Don't be silly, two would get destroyed quite easily as well. 

Having at least a couple of free top tiers roaming around would comfortably sway the battle. 



Trance said:


> Were it not for an unforeseen factor in the form of Oars Jr playing dead on top of one of the walls, the Marines would've won the battle handily and quickly.
> 
> Sengoku's brains + Sakazuki's Devil Fruit + Siege Wall = God Tier battle strategy.



The really egregious thing about that is why Sengoku didn't think of sending one or two of Garp, Kizaru, Kuzan, Sakazuki etc down to just kick/push Oars Jr out of the way I don't know. I'm sure they'd probably all have the raw power/strength to do it given the scale of feats they've demonstrated. Sigh ...... more BS PIS/CIS from Oda to prevent a one sided slaughter and to create drama and tension.

Also now imagine, Akainu's magmafists + Fujitora's meteor's + Kizaru's YnK hailing down on the pirates with the walls fully up  this time ............ honestly Trance, I think I may have been quite conservative before.

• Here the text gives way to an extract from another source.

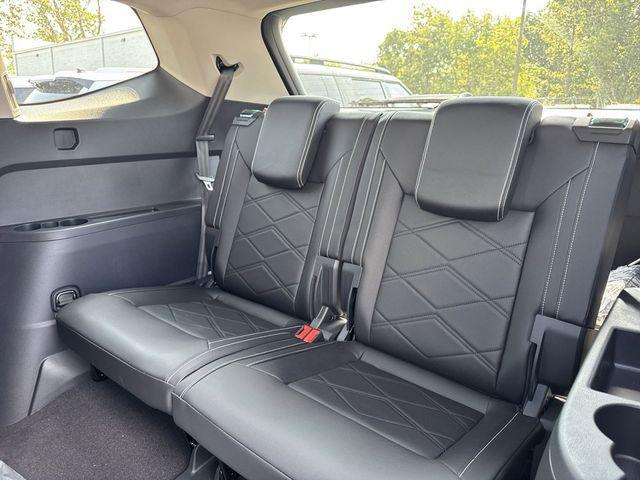 new 2026 Volkswagen Atlas car, priced at $41,526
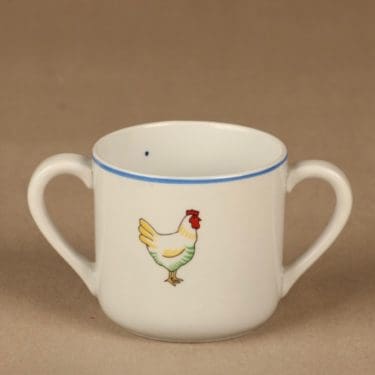 Arabia Kiltille tytölle muki, kaksikorvainen, suunnittelija , kaksikorvainen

Extravlad may be right here about this.


----------



## David (Apr 24, 2015)

4 Yonko and most likely a dozen Vista/Jozu-level fighters vs. color trio + Fujitora + Green Bull + Mihawk (at least 6 Admiral-level fighters) + Doflamingo + Hancock + Kuma + Law (at least 2/4, I'm guessing, are close to Jozu-level).

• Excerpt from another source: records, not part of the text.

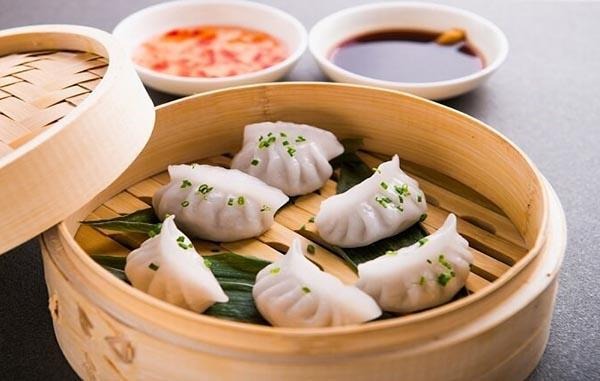 Những món ăn cầu may nhất định phải có  trên mâm cỗ Tết của các nước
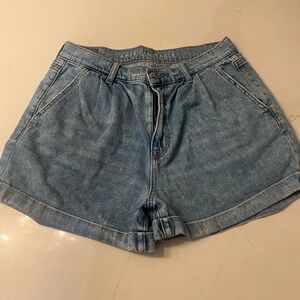 American Eagle Pleated Cuffed Denim
Mom Shorts size 8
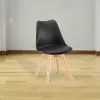 Jedálenská stolička Silla v čiernej farbe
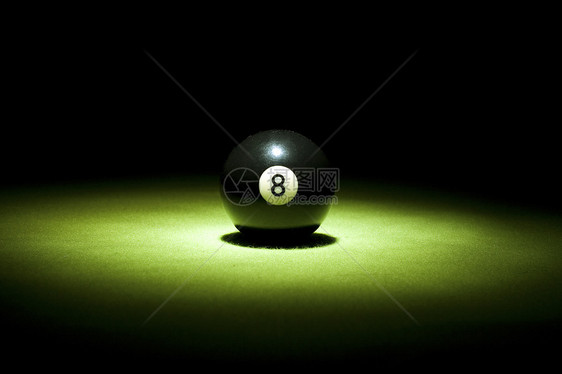 绿桌上的池球游戏水池俱乐部娱乐台球竞赛挑战行动乐趣圆圈夹子图片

I'd give it to the Yonko with high to extreme difficulty.  We should remember that Marco/Jozu/Vista themselves aren't involved because they aren't currently part of a Yonko crew, and I'd put even the weaker Yonko division commanders (which there are plenty of) above your average Vice Admiral.


----------



## DanElectro (Apr 24, 2015)

The way I see it

MHQ + Warlords >> 1 Yonko

MHQ + Warlords > 2 Yonko

MHQ + Warlords >= 3 Yonko

MHQ + Warlords < 4 Yonko

-----

If no Warlords.

MHQ > 1 Yonko

MHQ >= 2 Yonko

MHQ < 3 Yonko

MHQ << 4 Yonko


----------



## Lord Stark (Apr 24, 2015)

They can likely scathe a victory against 2 Yonkou, 3 is an unholy stomp, 4?  Mother of God.


----------



## Deleted member 211714 (Apr 24, 2015)

Bernkastel said:


> For someone to low diff a top tier and not just any tp-tier but one of the 4 strongest pirates in the world he has to be on a completely differnet level and there's nothing suggesting that as Shanks is in the same group.Even Primebeard cant beat her with less than high diff.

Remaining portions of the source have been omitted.